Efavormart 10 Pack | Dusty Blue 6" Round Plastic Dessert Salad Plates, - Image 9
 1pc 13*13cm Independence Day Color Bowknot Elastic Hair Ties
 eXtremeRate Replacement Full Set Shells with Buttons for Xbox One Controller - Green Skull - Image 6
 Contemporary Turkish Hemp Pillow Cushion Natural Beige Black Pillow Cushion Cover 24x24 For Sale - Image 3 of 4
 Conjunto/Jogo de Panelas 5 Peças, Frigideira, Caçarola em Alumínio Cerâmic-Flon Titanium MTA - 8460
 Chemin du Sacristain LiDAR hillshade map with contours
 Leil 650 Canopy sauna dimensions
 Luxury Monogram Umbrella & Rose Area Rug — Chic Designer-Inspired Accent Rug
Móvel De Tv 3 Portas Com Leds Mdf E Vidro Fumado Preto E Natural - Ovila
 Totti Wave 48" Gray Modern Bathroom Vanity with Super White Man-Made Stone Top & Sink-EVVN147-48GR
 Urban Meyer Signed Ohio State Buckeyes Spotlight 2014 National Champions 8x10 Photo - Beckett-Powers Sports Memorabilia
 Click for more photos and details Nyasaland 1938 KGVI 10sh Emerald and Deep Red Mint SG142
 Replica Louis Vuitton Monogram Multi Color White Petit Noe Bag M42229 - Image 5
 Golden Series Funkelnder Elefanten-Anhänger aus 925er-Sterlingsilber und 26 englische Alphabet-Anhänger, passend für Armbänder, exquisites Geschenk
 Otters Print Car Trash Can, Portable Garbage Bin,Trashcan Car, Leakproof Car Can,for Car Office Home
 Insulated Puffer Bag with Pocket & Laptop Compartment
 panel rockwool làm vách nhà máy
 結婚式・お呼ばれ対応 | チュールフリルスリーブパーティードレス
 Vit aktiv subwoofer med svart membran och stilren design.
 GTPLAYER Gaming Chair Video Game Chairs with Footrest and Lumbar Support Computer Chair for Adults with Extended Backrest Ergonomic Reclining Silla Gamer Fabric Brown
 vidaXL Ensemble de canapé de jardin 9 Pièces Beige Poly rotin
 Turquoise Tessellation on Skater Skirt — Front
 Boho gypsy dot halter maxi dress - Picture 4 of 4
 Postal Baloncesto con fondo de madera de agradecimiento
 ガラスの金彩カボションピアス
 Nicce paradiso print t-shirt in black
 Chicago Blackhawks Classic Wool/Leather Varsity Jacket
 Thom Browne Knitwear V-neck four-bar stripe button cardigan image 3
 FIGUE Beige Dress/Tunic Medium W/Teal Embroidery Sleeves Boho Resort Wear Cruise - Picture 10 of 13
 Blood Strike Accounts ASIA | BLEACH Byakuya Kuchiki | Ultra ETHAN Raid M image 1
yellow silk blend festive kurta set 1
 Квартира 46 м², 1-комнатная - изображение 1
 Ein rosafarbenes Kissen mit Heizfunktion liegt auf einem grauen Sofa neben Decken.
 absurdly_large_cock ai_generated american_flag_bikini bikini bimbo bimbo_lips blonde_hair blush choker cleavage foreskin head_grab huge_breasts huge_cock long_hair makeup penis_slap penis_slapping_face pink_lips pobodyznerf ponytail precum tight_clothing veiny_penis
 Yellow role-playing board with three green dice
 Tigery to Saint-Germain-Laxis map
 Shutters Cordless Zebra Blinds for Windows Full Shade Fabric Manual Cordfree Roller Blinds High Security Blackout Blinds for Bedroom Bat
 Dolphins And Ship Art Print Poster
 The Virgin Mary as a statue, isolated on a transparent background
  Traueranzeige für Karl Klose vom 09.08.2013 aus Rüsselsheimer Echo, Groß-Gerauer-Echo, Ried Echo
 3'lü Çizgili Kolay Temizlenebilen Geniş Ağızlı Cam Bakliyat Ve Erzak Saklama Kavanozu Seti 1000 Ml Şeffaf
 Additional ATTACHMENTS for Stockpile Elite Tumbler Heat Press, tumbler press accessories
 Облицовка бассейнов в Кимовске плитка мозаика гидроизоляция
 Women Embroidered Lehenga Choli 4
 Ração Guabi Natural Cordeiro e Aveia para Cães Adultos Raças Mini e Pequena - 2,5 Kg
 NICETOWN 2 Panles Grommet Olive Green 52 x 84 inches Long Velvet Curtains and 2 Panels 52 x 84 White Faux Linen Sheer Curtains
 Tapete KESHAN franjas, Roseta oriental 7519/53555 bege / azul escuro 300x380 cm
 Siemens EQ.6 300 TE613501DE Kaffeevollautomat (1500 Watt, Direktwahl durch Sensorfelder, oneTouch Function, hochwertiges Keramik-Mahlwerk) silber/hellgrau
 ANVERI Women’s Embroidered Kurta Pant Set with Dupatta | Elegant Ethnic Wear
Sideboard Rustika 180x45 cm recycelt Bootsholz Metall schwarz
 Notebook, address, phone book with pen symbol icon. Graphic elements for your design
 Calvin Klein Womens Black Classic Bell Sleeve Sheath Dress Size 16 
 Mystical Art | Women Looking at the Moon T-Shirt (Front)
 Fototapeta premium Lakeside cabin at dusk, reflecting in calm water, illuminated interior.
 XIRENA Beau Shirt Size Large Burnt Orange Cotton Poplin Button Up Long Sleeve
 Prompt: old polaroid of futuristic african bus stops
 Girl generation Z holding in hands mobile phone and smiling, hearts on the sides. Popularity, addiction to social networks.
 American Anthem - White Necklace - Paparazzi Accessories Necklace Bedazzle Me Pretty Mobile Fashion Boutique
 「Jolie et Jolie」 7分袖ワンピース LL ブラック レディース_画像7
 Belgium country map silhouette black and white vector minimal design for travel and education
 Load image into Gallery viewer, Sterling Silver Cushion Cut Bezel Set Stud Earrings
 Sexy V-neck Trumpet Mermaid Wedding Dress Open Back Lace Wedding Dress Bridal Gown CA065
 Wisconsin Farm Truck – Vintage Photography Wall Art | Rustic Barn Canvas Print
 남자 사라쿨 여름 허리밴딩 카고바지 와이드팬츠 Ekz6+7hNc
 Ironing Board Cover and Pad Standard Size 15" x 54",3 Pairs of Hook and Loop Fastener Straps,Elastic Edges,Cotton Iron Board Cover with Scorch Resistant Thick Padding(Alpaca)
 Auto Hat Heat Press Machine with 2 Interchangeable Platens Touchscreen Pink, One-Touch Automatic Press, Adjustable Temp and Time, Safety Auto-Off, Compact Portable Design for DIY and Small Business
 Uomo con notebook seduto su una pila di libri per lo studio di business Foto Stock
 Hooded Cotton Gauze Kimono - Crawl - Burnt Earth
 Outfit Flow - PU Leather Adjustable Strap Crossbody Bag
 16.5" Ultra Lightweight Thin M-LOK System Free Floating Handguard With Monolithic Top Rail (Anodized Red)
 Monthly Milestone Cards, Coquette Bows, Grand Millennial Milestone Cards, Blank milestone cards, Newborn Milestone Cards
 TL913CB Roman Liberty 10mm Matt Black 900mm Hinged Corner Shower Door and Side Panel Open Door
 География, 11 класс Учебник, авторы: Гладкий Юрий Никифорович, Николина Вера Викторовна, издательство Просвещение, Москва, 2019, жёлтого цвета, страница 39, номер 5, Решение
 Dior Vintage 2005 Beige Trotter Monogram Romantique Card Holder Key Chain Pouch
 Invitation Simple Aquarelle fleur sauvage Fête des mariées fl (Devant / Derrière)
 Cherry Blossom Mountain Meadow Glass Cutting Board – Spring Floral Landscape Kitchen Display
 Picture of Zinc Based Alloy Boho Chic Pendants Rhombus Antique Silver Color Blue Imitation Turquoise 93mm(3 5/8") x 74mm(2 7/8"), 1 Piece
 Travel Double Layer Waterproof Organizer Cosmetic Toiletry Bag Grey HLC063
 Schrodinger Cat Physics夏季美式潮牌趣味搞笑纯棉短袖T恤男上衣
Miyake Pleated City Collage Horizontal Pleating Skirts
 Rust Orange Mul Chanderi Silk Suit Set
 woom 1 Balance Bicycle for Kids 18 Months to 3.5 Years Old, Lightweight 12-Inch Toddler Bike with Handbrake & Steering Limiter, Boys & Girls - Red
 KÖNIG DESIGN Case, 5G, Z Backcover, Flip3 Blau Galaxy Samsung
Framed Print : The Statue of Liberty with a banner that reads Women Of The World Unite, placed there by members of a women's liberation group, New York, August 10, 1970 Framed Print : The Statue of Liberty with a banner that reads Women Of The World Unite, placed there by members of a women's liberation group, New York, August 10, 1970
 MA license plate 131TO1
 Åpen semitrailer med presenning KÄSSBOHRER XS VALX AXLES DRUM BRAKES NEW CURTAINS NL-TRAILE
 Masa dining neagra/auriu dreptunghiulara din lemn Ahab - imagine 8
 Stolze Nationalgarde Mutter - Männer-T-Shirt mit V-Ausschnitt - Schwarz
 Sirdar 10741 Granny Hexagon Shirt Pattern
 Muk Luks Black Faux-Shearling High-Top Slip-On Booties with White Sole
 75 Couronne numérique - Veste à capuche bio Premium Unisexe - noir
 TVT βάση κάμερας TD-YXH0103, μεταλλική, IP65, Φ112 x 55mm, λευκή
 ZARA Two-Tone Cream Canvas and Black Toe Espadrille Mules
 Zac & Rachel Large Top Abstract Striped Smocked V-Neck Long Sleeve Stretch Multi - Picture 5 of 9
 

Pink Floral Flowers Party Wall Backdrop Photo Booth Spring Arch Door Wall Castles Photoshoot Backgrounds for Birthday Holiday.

Your goal = Write the lines out verbatim, from the one with "MA license plate 131TO1" through the last line of the entries, and stop there.

Output =
 MA license plate 131TO1
 Åpen semitrailer med presenning KÄSSBOHRER XS VALX AXLES DRUM BRAKES NEW CURTAINS NL-TRAILE
 Masa dining neagra/auriu dreptunghiulara din lemn Ahab - imagine 8
 Stolze Nationalgarde Mutter - Männer-T-Shirt mit V-Ausschnitt - Schwarz
 Sirdar 10741 Granny Hexagon Shirt Pattern
 Muk Luks Black Faux-Shearling High-Top Slip-On Booties with White Sole
 75 Couronne numérique - Veste à capuche bio Premium Unisexe - noir
 TVT βάση κάμερας TD-YXH0103, μεταλλική, IP65, Φ112 x 55mm, λευκή
 ZARA Two-Tone Cream Canvas and Black Toe Espadrille Mules
 Zac & Rachel Large Top Abstract Striped Smocked V-Neck Long Sleeve Stretch Multi - Picture 5 of 9
 

Pink Floral Flowers Party Wall Backdrop Photo Booth Spring Arch Door Wall Castles Photoshoot Backgrounds for Birthday Holiday.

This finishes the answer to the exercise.